Ces affirmations répondent vraisemblablement à des préoccupations tactiques locales, le Front Al-Nosra n'ayant pas la puissance suffisante pour emporter la partie. Il a dû en effet créer une coalition baptisée Jaich Al-Fatah (l'Armée de la Conquête) pour conquérir la province d'Idlib. Elle regroupe autour de lui Ahrar les groupes Al-Cham[4], Jund Al-Aqsa, Liwa Al-Haqq, Jaysh Al-Sunna, Ajnad Al-Cham et la légion du Cham. Afin de pouvoir être présent dans l'ouest du théâtre syrien, le Front Al-Nosra s'est également allié à de nombreux groupes rebelles en participant à d'autres coalitions de circonstance comme Ansar Al-Charia (Les Partisans de la charia) dans la région d'Alep[5] ou Jund Al-Malahim (Les Soldats de l'aventure) à Damas[6]. Cela n'empêche pas des bavures sur le terrain, des activistes du Front Al-Nosra n'hésitant pas, quand ils le jugent nécessaire, à faire le coup de feu contre leurs alliés, histoire de rappeler qui sont les « dominants ».
 
Al-Zawahiri exclut le détachement du Front Al-Nosra d'Al-Qaida « canal historique », rappelant que le mollah Omar a refusé de livrer Ben Laden après les attentats du 11 septembre 2001. Cette rumeur court depuis que l'Arabie saoudite, la Turquie et le Qatar tentent de rendre plus présentable les mouvements islamistes rebelles dont le Front Al-Nosra. En effet, si Joulani rompait les liens qui l'unissent au commandement d'Al-Qaida, son mouvement pourrait être sorti de la liste des organisations reconnues comme « terroristes » par les Nations Unies. A noter que Moscou a demandé au Comité antiterroriste de l'ONU d'y ajouter Ahrar Al-Cham et Jaïch Al-Islam que la Russie considère comme inféodés secrètement à Al-Qaida « canal historique ». Ces deux mouvements font partie du Front islamique (FI) fondé le 22 novembre 2013 à l'initiative de Riyad. Avec des estimations allant de 50 000 à 80 000 combattants, cette coalition est la plus importante formation rebelle en Syrie.
 
Que réserve l'avenir ?
 
Al-Zawahiri affirme que le « Levant aujourd'hui est l'espoir de la communauté des musulmans » parce que c'est la seule « révolution populaire » qui a démarré durant les « printemps arabes et qui a suivi une voie juste » qui requière à la fois le dawa (prosélytisme) et le djihad pour établir le « califat dirigé harmonieusement ». Selon lui, les autres révolutions ont cherché à établir un régime basé sur un islam contrefait parce qu'approuvant le sécularisme et le nationalisme.
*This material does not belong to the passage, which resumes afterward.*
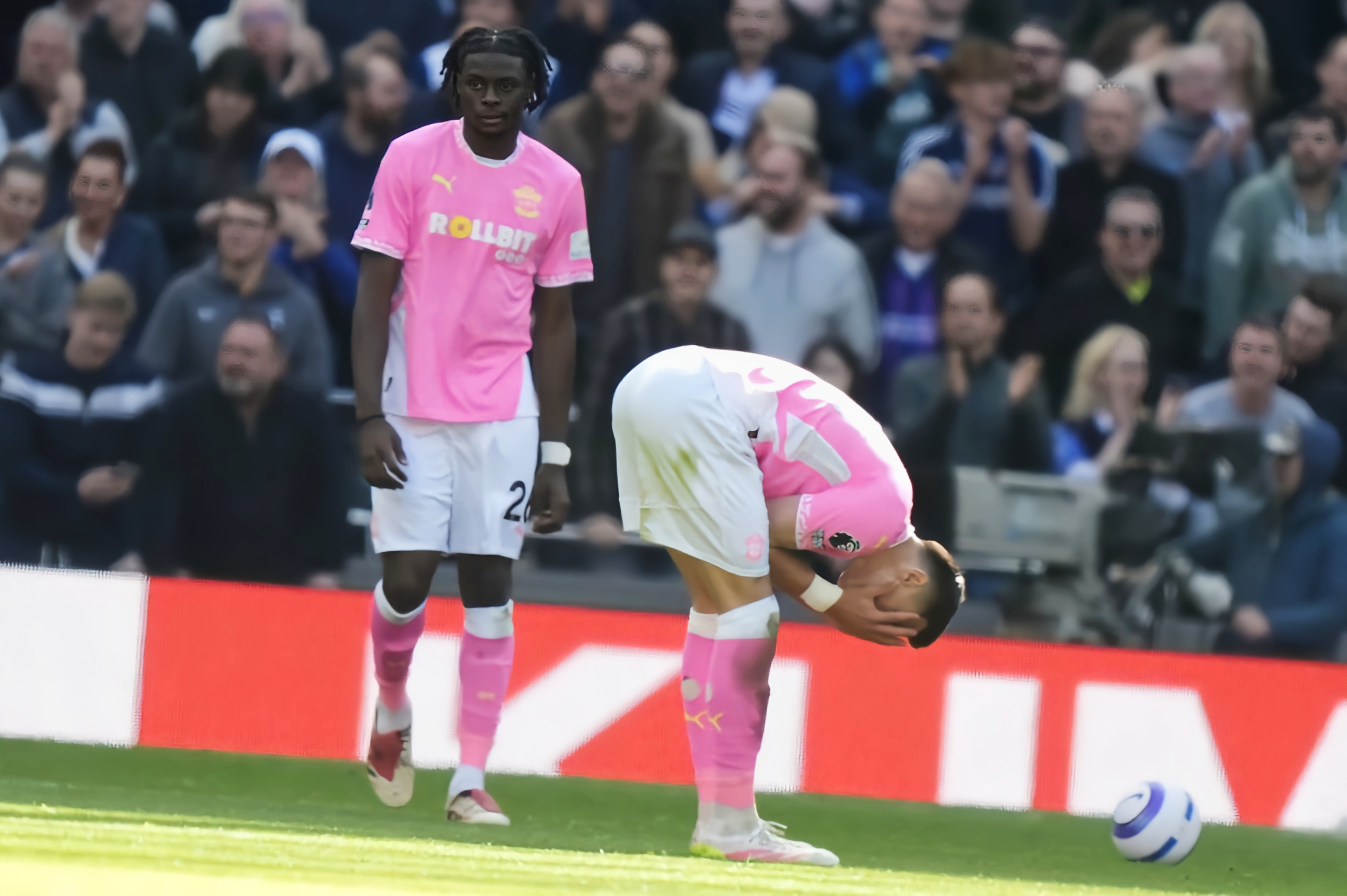 利记-利物浦客场大败南安普顿，英超榜首位置不稳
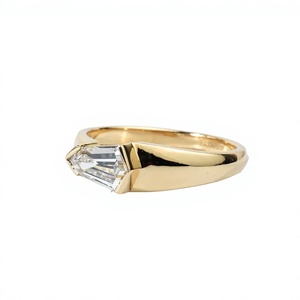 Wholesale 1CT Shield Baguette Lab Grown Diamond 14K 18K Solid Gold Wedding Ring Engagement Ring Custom Diamond Ring Promise Ring - Product Image 4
Il met particulièrement en garde contre les échecs rencontrés par les Frères musulmans en Egypte et auparavant par le Front islamique du salut (FIS) en Algérie.
 
Pour lui, il convient dans un premier temps de renverser le régime des Nusayri (terme péjoratif désignant les Alaouites) et de frapper ses alliés chiites (Iran et Hezbollah libanais) et les « croisés » occidentaux et russes. Ce n'est qu'après qu'Al-Qaida et ses alliés pourront établir un califat local. A cette fin, l'unité est demandée aux moudjahiddines car c'est pour eux une question de « vie ou de mort ». Reprenant les positions victimaires de Daech, il affirme qu'il est du devoir de tout musulman de « défendre le djihad au Levant » contre les différentes « conspirations » qui sont conduites par l'Amérique, la Grande-Bretagne et l'Arabie saoudite. Joignant les actes à la parole, le Front Al-Nosra est repassé à l'offensive contre les forces légalistes syriennes depuis le nord de Lattaquié, le sud d'Alep, Hama et Damas. 
 
Al-Zawahiri se défend de poursuivre les mêmes objectifs que Daech dont les membres sont qualifiés de « Kharijites » du nom d'une secte extrémiste apparue au début du développement de l'islam. A propos de Daech, il évoque également Al-Hajjaf Ben Yusef qui fut un gouverneur d'Irak particulièrement sanguinaire sous le califat ommeyade (661-750). Il parle même du « califat d'Ibrahim Al-Badri », en désignant Al-Baghdadi par son identité réelle, ce qui ne peut être considéré par l'intéressé que comme un affront insupportable. Par ailleurs, le Front Al-Nosra n'hésite pas à engager le combat contre Daech, particulièrement en ce moment dans la région de Deraa au sud-ouest du pays.
 
Hamza Ben Laden, un des fils du gourou d'Al-Qaida, a publié son propre message deux jours après celui de Al-Zawahiri. Il appelle également à l'unité des djihadistes et à l'action de « loups solitaires » contre l'Occident. Mais la partie la plus intéressante de sa déclaration est  :« le djihad au Levant est le meilleur champ de bataille vers la libération de Jérusalem (...) et ce n'est pas une guerre d'organisations, mais celle de l'oumma toute entière ». Al-Zawahiri avait souligné pour sa part que les Occidentaux étaient très préoccupés de la présence de djihadistes aux frontières d'Israël. Cette orientation, si elle est suivie d'effets sur le terrain, pourrait constituer une relative nouveauté pour la nébuleuse qui, jusqu'à maintenant, s'est globalement désintéressée de la cause palestinienne et de l'Etat hébreu. Reste à savoir si Al-Qaida « canal historique » a les moyens de ses ambitions ou si la nébuleuse cherche à fédérer sous sa bannière l'ensemble de l'oumma[7]. Al-Zawahiri emploie d'ailleurs le slogan de la révolution syrienne qui risque de servir par effet de mimétisme aux extrémistes palestiniens : « la mort plutôt que l'humiliation ».
 
Notes:
 
    [1] Les derniers (deux audios et un écrit) dataient de janvier 2016.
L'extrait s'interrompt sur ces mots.